Les missiles détruisent des infrastructures. Les drones épuisent les défenses, mais la supériorité militaire ne garantit en aucun cas la victoire psychologique.
La guerre se joue plus que jamais dans les perceptions. Pour ce faire, il faut faire douter l’adversaire, fragiliser sa confiance et convaincre sa propre population que les sacrifices restent nécessaires.
La Russie, experte de la manipulation
La Russie possède sans doute l’une des expertises les plus poussées au monde dans ce domaine. Elle s’appuie sur une longue tradition soviétique de désinformation, de manipulation et d’opérations d’influence.
Son objectif n’est pas toujours d’imposer une vérité. Il consiste souvent à multiplier les versions, à mélanger le vrai et le faux et à rendre toute information suspecte. Lorsque plus personne ne sait ce qu’il doit croire, le pouvoir garde une partie de la maîtrise du récit.
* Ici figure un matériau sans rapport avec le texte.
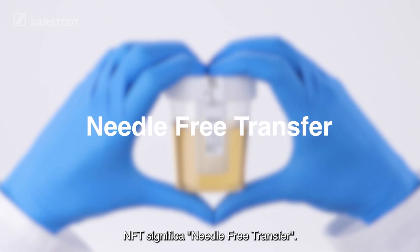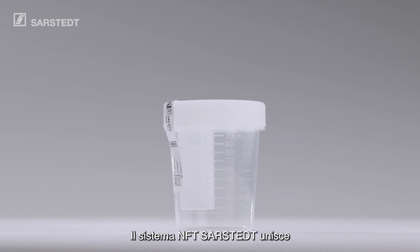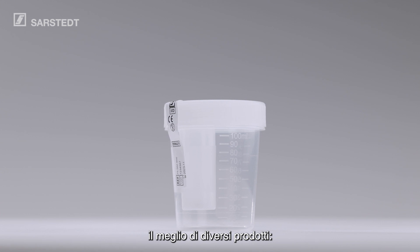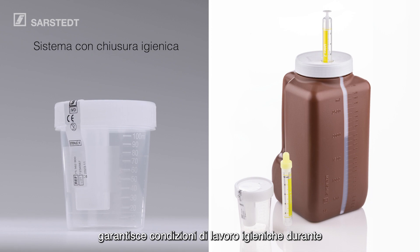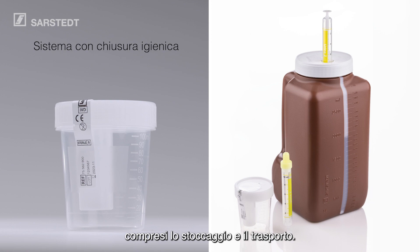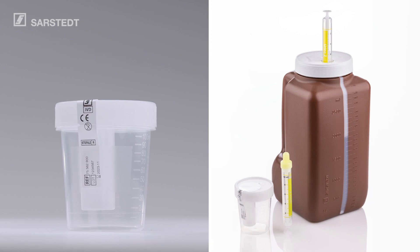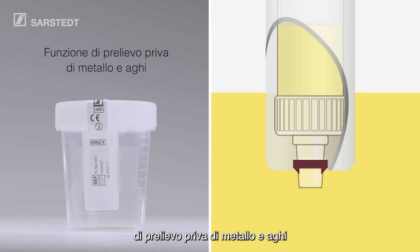NFT stands for Needle-Free Transfer. Sarsted's NFT system combines the best of different product ideas. The enclosed system ensures hygienic working conditions are maintained throughout the entire specimen collection process, including storage and transport. The sophisticated needle and metal-free collection function minimizes the risk of injury to patients and staff.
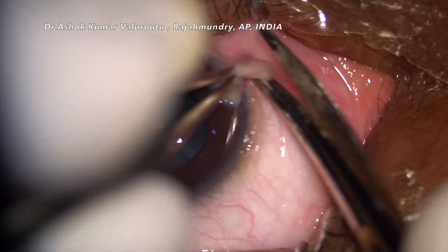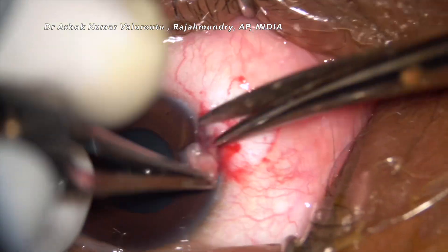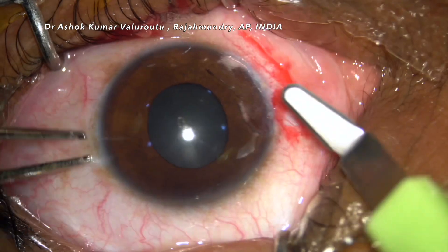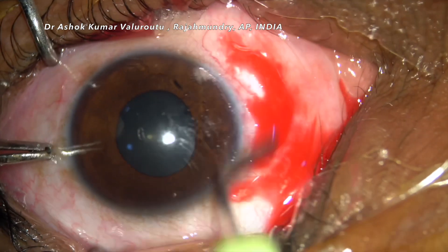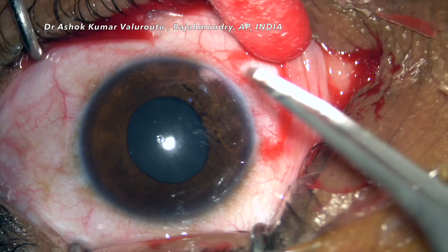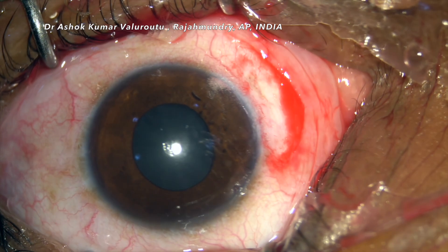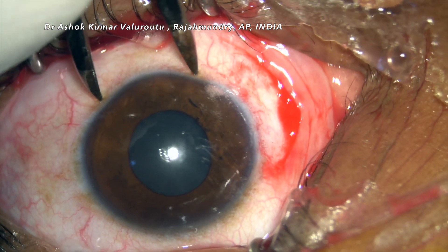Hello friends, this is Dr. Shogh Kumar. Today we are seeing a case of nasal pterygium excision with conjunctival autograft. Going to the basics, the main cause of pterygium is the lack of limbal stem cells. If these limbal stem cells are active and present in sufficient quantity, they prevent the occurrence of pterygium. In autograft, we are actually transplanting the limbal stem cells from a healthy limbus area.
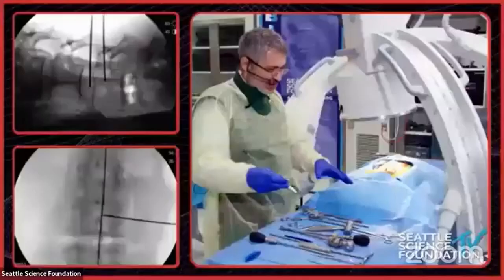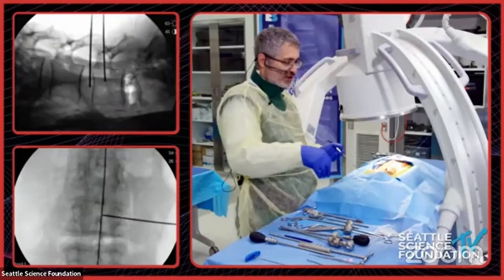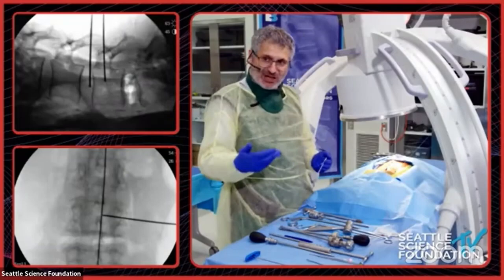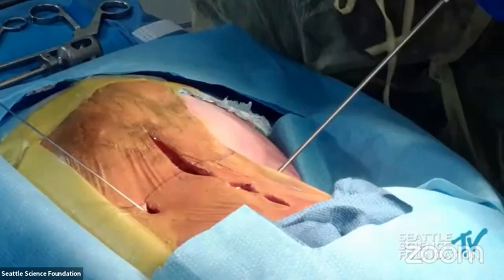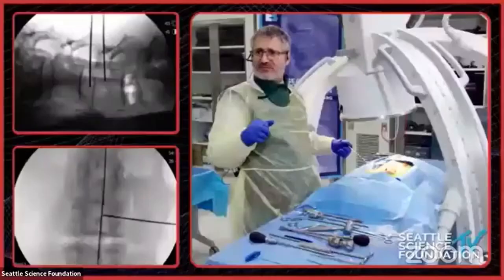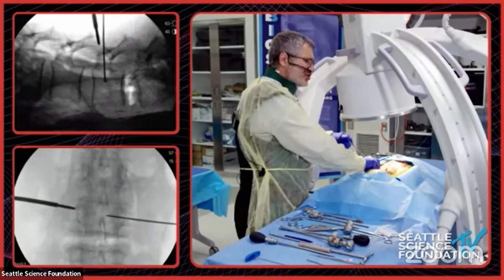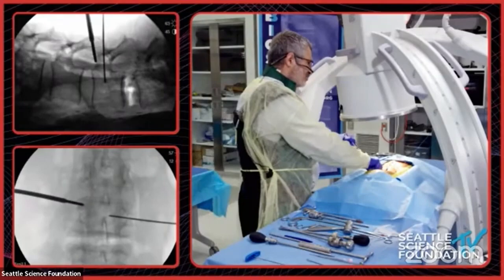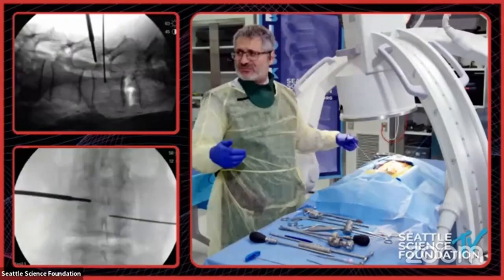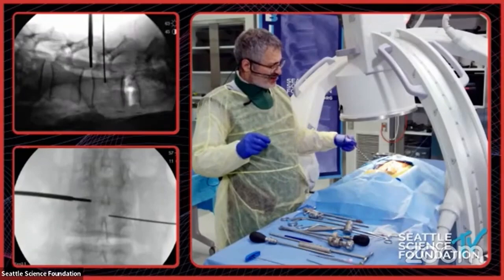The next step is the neuromonitoring probe. We have electrodes in the leg, and we stimulate at 3 milliamp. I'm talking to my neuromonitoring person, and obviously the patient is not paralyzed. We make sure that you have four twitches before we start. We go at 45 degrees. This is a very skinny patient — most of my patients are about three times this size. I'm hitting the pedicle of the level below, and while I'm stimulating, I run it down the pedicle.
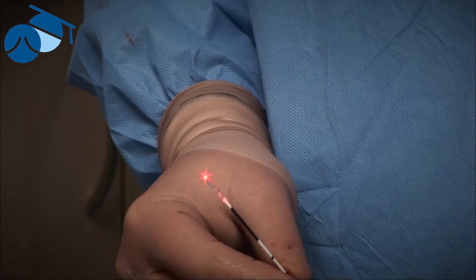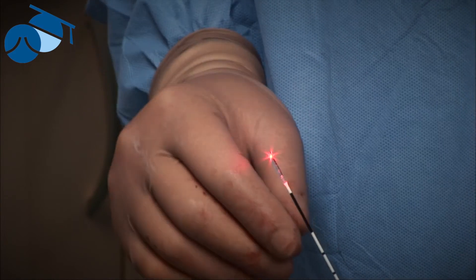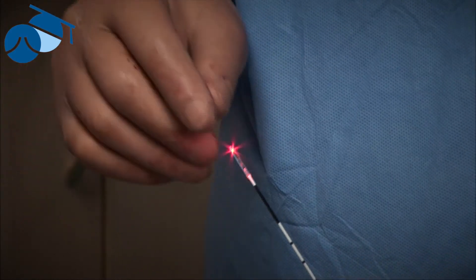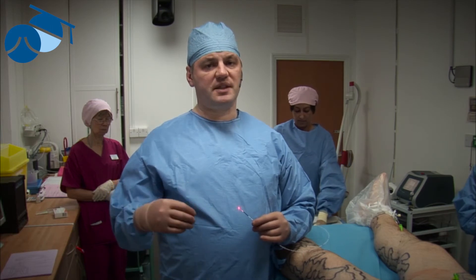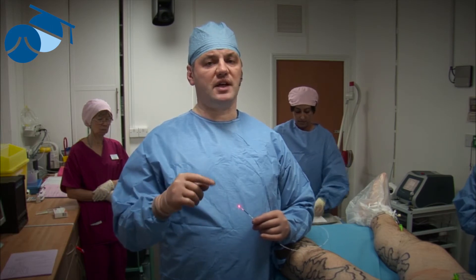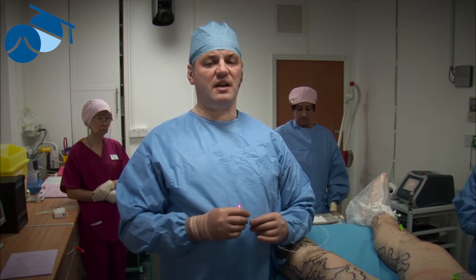This is an endovenous device that we quite like using. The original endovenous devices used to pass the energy out of the end of the laser, which used to cause either the blood to boil, causing superheated steam, or direct contact with some of the internal cells — but further down the vein, one to two centimetres away from the end of the laser. That makes it quite inaccurate, and we really didn't like that.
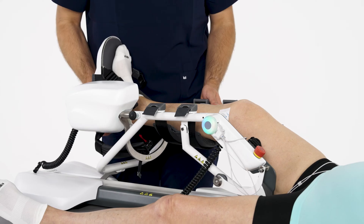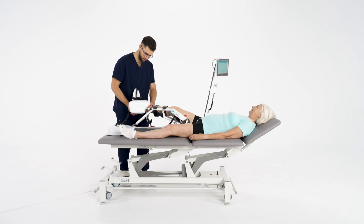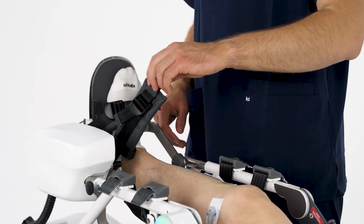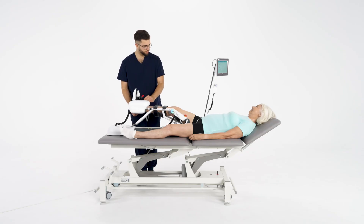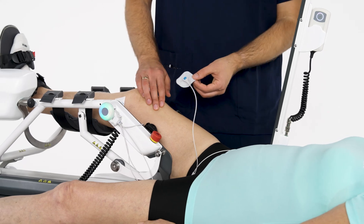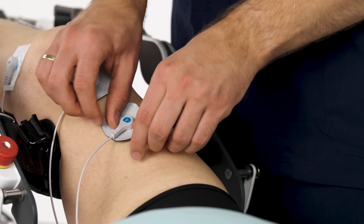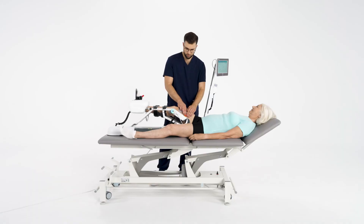Sidralec is a lower limb robotic device for neurological and orthopedic patients. Patients can regain the range of motion, muscle activity, or strength thanks to robotic movement, electro-stimulation, and electromyography provided at the same time.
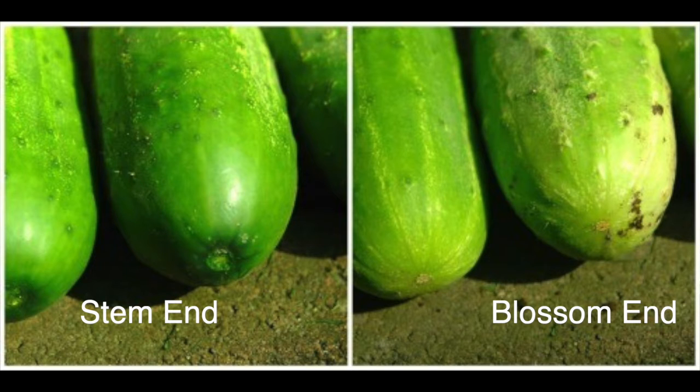After they have soaked in that ice water, what do we do next? Next, it's really important to remove the blossom end of that cucumber. If you're picking at home, you'll know which end is the blossom end because it's opposite the stem. If you're purchasing them at the market, they may or may not have a stem, so go ahead and just remove a little bit from each end of that cucumber, because removing the blossom end will prevent that enzyme from making the cucumber soft.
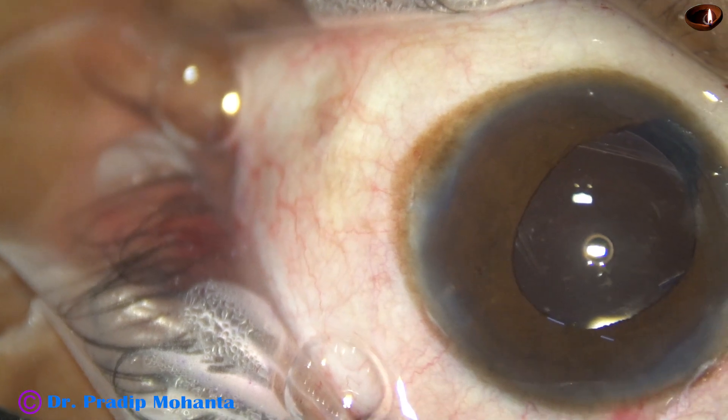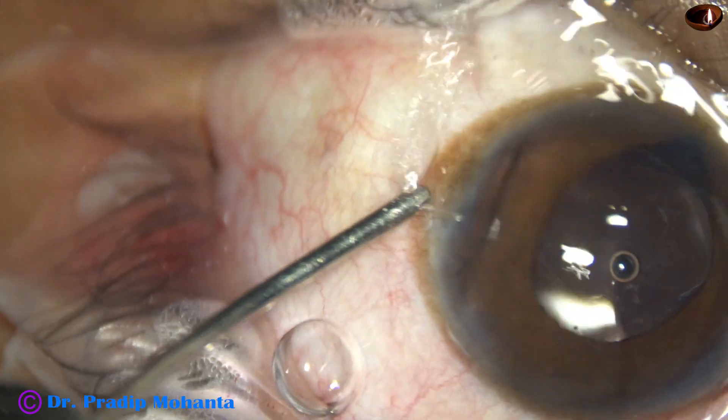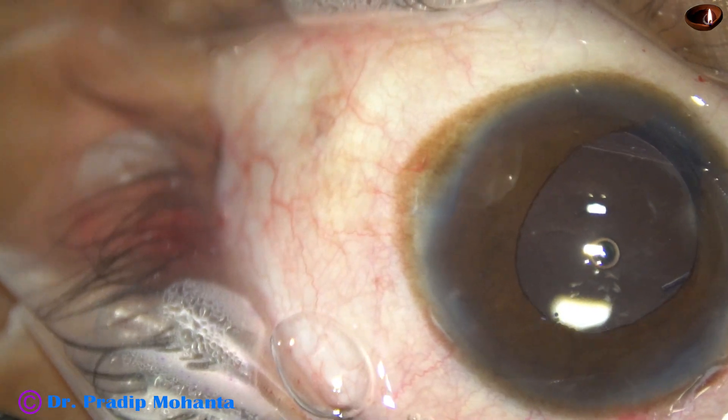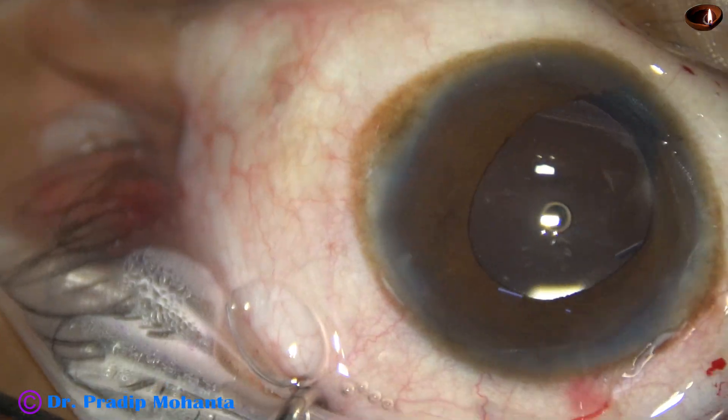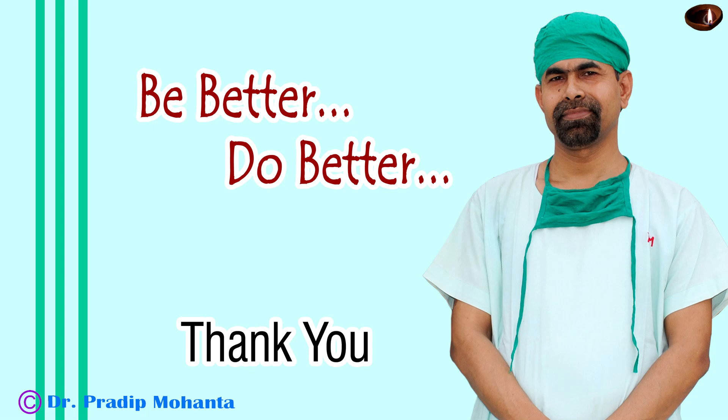This looks fine — we are towards the end of the surgery. The anterior chamber is nicely formed, integrity of all the wounds is checked, and the case is concluded. Thank you very much for your attention. Hope this video will help you in developing your surgical skills — be a great surgeon and serve your patients with love, respect, compassion, and great surgical competence.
Les structures russes restent opaques. Elles associent le renseignement militaire, des unités cyber, des spécialistes de l’influence, des médias contrôlés par l’État et des relais officieux. Un effectif d’environ 10 000 hommes et femmes est parfois avancé pour l’ensemble de cet appareil. Ce chiffre reste difficile à vérifier, mais il illustre l’importance accordée par Moscou à cette bataille.
Faire entrer la guerre dans le quotidien
En Ukraine, les frappes russes contre les réseaux électriques et les télécommunications poursuivent un double objectif. Elles affaiblissent le pays, mais cherchent aussi à installer la peur, la fatigue et le sentiment que l’État ne peut plus protéger sa population.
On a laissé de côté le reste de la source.